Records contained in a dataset
..............................

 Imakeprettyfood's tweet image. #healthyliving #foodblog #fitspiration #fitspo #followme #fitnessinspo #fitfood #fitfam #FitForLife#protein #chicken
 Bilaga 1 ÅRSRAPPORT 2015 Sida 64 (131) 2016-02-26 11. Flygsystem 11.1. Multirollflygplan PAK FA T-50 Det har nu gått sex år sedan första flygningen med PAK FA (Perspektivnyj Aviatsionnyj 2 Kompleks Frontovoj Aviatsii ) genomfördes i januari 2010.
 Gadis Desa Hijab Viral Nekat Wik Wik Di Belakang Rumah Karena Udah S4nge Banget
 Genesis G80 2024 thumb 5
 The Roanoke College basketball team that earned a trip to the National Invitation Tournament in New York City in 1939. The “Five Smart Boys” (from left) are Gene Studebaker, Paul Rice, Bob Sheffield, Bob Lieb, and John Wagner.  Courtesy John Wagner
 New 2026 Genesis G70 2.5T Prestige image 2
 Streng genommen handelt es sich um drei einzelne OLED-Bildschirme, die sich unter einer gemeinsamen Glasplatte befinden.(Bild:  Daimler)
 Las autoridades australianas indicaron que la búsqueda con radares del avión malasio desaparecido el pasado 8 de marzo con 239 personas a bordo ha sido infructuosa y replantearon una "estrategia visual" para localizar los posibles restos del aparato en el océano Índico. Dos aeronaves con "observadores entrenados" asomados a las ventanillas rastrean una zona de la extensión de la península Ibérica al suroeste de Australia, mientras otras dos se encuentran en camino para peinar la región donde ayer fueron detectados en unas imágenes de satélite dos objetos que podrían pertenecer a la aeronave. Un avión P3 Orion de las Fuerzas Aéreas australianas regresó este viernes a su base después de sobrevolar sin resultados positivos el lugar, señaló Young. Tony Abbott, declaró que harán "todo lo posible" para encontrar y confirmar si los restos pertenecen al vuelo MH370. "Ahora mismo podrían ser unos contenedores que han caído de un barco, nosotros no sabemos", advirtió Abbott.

..............................

> Task prompt:
In the records above, some lines hold the word "image". Say how many, and nothing more.

> Reply:
2